Proclamation

The days bleed into each other. If we learn of the day, it’s all the same. Everyday is Sunday or everyday Wednesday. Mornings stuck in bed. We promise ourselves we’ll wake up earlier tomorrow, but somehow we dismiss the 4 alarms we set. Defeated, giving into warmth, in the bed of our Dream Away Palace.

“Good morning, beautiful. Did you have any dreams?”

And so begins the daily ritual. Consequently, mornings begin late. Tomorrow, tomorrow, we’ll be better tomorrow.

There is comfort in the known. I know what today will be like and foresee what tomorrow will bring. The fire is lit, breakfast made. I’m just now rolling our shared tobacco. Something as simple as this. A slight change, a minutiae of growth is big in my eyes. He grins sweetly at my first success and I grin back proudly.

Everything is fun size here. From Our little studio we spend our days in, to our miniature stove we light occasionally in the Dream Away, the medieval looking tent. We call it our little tandoori. Little tandoori requires the smallest pieces of wood, a stove fit for a gnome. We doubled over laughing at how ridiculously small it was when it came in the mail. Henry finds zen in the act of chopping tiny pieces. We light tandoori for yoga and special evenings before bed. At night we watch the firey reflections dance on the walls. A small bundle of wood sits in front of the Dream Away, with the flue from the stove sticking out of the tent, I imagine what sort of people, or non-people live there. A British Flag hangs in the entrance. I joke it’s the British Occupation.
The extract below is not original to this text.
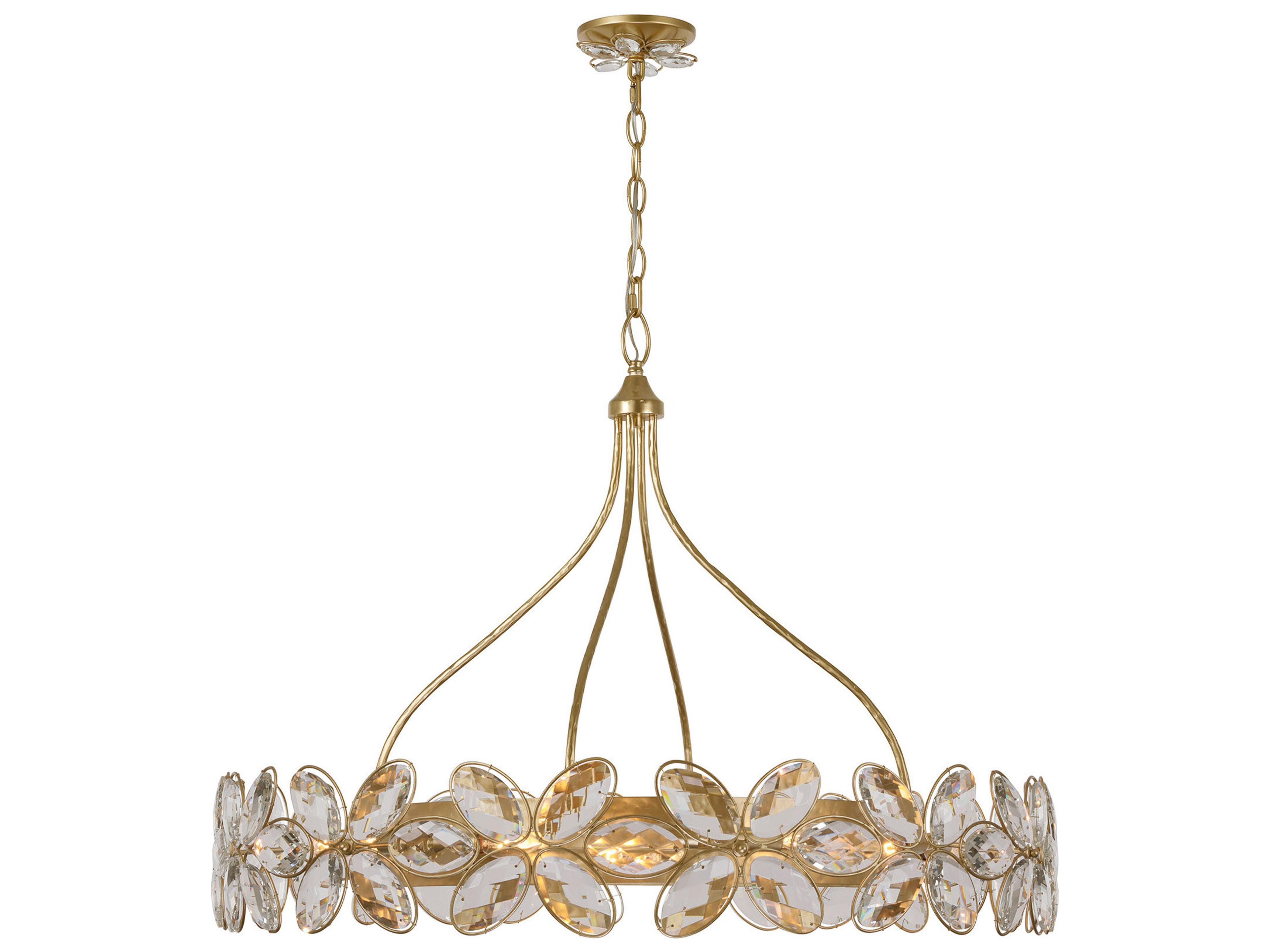Savoy House Marbella 14-Light Gold Shimmer Round Chandelier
It’s kind of crazy, we spend every waking and sleeping moment together. When he leaves to grab something, I say, “Ok bye, miss you already!” Knowing I’ll see him in less than five minutes.
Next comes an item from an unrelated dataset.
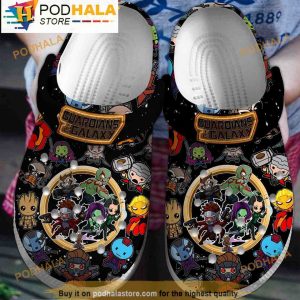 Chibi Guardian Of The Galaxy 3D Crocs Slippers, Funny Crocs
We talk. We talk about our future, our past. From if we were an animal scenarios to if we could change the world. Layer after layer, revealing ourselves. Secrets I’ve held onto for fear he will finally see me and turn away. But instead I’m held tighter, loved deeper. Embraced.

This time it’s different. The fear of expressing the truth of our hearts is open. And finding validation in those three words is real. This moment, these days, they won’t last forever. Shortly, we will part and continue onward towards our dreams. But this love, this bond, this truth-it’s solid and strong, unwavering, and real.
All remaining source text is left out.